На площадке первого этажа я сориентировалась и запомнила номер однокомнатной квартиры, чтобы дать Володе хоть какую-то отправную точку для поисков. Выходя из подъезда, я достала сотовый и позвонила Кирьянову.
– Володя! Ты не помнишь, кто мне там помощь обещал? – спросила я.
– А чего надо? – поинтересовался он.
– Крепись! Сейчас я буду тебя озадачивать! – пригрозила я.
– Ничего! Как-нибудь сдюжу! – самонадеянно заявил он и потребовал: – Ну, излагай!
– У меня к тебе будет три вопроса. Первый: по одному адресу, – я тут же продиктовала его Кире, – когда-то проживала Алевтина Протасова, ныне покойная, у которой был внук по имени Алексей, причем неоднократно судимый, так что тебе будет, надеюсь, несложно установить его личность.
– Танька! Это задача из разряда: пойди туда, не знаю куда, – хмыкнул он. – Но попробовать можно, хотя и не обещаю, что это будет быстро. А что еще?
– Второе: в 1994 году военфак нашего мединститута окончил некий Николай, о котором я знаю только то, что его отец профессор медицины. Так вот, мне нужно выяснить не только его фамилию, но и где он сейчас обитает, – сказала я.
– Еще лучше! – оторопел Кирьянов. – Ты представляешь себе объем работы? Нужно будет послать запрос в мединститут и получить документы из архива на выпускников военфака того года, потом ждать, когда их приготовят, потом отыскивать там всех студентов по имени Николай, потом выяснять, у кого из них отец профессор медицины, – перечислил Володя. – Танька! Ты что, собралась до конца жизни над этим делом корпеть? А заодно и я с тобой?
– Ладно! – смилостивилась я. – По-другому я все узнаю! Тогда последнее: подними-ка в архиве дело о нападении на Елену Агееву 17 декабря 1993 года, – попросила я.

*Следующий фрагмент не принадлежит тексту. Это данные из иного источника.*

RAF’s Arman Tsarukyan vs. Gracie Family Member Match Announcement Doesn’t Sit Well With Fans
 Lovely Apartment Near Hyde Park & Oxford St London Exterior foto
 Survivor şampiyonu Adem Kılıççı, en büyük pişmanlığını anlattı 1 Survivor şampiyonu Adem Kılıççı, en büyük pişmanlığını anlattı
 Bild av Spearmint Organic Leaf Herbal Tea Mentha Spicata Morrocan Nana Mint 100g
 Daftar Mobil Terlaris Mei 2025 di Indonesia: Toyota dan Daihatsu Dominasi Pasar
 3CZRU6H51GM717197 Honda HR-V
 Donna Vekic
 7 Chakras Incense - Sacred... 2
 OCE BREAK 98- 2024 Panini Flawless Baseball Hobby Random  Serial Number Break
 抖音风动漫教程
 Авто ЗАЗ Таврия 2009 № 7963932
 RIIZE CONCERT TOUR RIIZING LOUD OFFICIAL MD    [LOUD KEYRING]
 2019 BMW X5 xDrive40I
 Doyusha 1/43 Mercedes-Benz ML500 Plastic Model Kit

– Зачем тебе? – удивился он.
– Кажется, я смогу найти там очень много интересного, – выразительно сказала я и посоветовала: – А в случае чего сошлись на вашего генерала, который мне помощь обещал.
– Это мы запросто! – обрадовался Володя. – Как дело принесут, так я тебе тут же и позвоню!
– Еще чего! – воскликнула я. – Я к тебе уже еду, но можешь не торопиться, потому что я далековато, можно сказать, на краю города.
– Эк тебя занесло! Что? Рабочий зуд? – рассмеялся он.
– Всеми силами демонстрирую твоему генералу свое служебное рвение! – съязвила я. – Или не ты говорил, что в случае успеха мои акции поднимутся на невиданную высоту?
– Ну, приезжай! – согласился он. – Я тебя даже кофе могу напоить!
– Из кофеварки?! Никогда! – решительно заявила я.
– Ох, погубят тебя когда-нибудь твои кулинарные пристрастия, – вздохнул он.